Sinergi lintas sektor terlihat jelas dalam rangkaian Safari Ramadhan yang digelar terjadwal sejak akhir Februari hingga pertengahan Maret 2026. Kegiatan ini melibatkan unsur Muspika, pemerintah desa, Majelis Ulama Indonesia (MUI), Unit Pengumpul Zakat (UPZ), penyuluh agama, serta tokoh agama dan tokoh masyarakat di masing-masing desa.
Di Kecamatan Banjaranyar, Safari Ramadhan dilaksanakan sebagai tindak lanjut himbauan Amaliyah Ramadhan dari Bupati Ciamis. Pola kegiatan dilakukan melalui kunjungan langsung ke desa-desa, sehingga interaksi antara pemerintah kecamatan dan masyarakat berlangsung lebih dialogis dan substantif.
Agenda safari tidak berhenti pada seremoni formal, melainkan menjadi forum pembinaan dan penguatan komitmen keagamaan masyarakat. Dalam setiap kesempatan, Kepala KUA menyampaikan pesan tentang penguatan keimanan, pembinaan keluarga sakinah, serta optimalisasi fungsi masjid sebagai pusat ibadah, edukasi, dan pemberdayaan sosial. Pendekatan kolaboratif ini dinilai efektif dalam menyelaraskan kebijakan pemerintah kecamatan dengan kebutuhan riil masyarakat selama Ramadhan.
Sementara itu, di Kecamatan Banjarsari, Safari Ramadhan dilaksanakan berdasarkan Surat Nomor 100.3.4.2/107/Kec-2026 tertanggal 12 Februari 2026 yang ditandatangani Camat Banjarsari, Mujiono, S.T., M.Si. Surat tersebut memuat himbauan untuk meningkatkan keimanan dan ketakwaan sekaligus menyemarakkan syiar Ramadhan melalui pemasangan media edukatif seperti spanduk dan banner di lingkungan masing-masing desa.

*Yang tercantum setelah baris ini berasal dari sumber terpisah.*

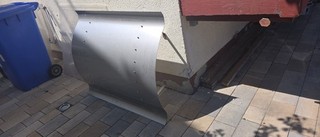 Schonsteinabdeckung ca. 80 cm mit Bohrungen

Safari Ramadhan tingkat Kecamatan Banjarsari dijadwalkan berlangsung mulai 23 Februari hingga 12 Maret 2026 dan dilaksanakan secara bergilir di aula desa, dimulai dari Desa Ciherang, Sukasari, Banjarsari, Sindangsari, Kawasen, Sindangasih, Sindanghayu, Cibadak, Purwasari, Cicapar, Ciulu, hingga Ratawangi. Setiap kegiatan dimulai pukul 09.00 WIB hingga selesai dengan melibatkan Camat, Kapolsek, Danramil, Sekretaris Kecamatan, Kepala KUA, Koordinator Pendidikan Kecamatan, Kepala UPTD/UPTB, Ketua APDESI, Ketua MUI, Ketua UPZ, serta para kepala seksi di lingkungan kecamatan.
Kepala desa diinstruksikan menghadirkan unsur RT, RW, tokoh agama, dan tokoh masyarakat agar forum safari menjadi ruang konsolidasi yang inklusif dan partisipatif. Dengan pola kunjungan langsung ini, pemerintah kecamatan dan KUA dapat menyerap aspirasi masyarakat sekaligus memastikan program pembinaan berjalan efektif.
Keterlibatan aktif KUA Banjarsari dalam dua agenda tersebut menunjukkan penguatan peran substantif lembaga keagamaan dalam pembangunan sosial-keagamaan. Momentum Ramadhan dimanfaatkan sebagai wahana memperkuat literasi keagamaan, membina ketahanan keluarga, serta membangun jejaring koordinasi yang solid antara pemerintah dan masyarakat.
Melalui Safari Ramadhan ini, diharapkan terbangun atmosfer ibadah yang lebih khusyuk, kolaboratif, dan produktif, sekaligus mempererat hubungan kelembagaan dalam rangka meningkatkan kualitas keimanan dan ketakwaan masyarakat di Kecamatan Banjaranyar dan Kecamatan Banjarsari.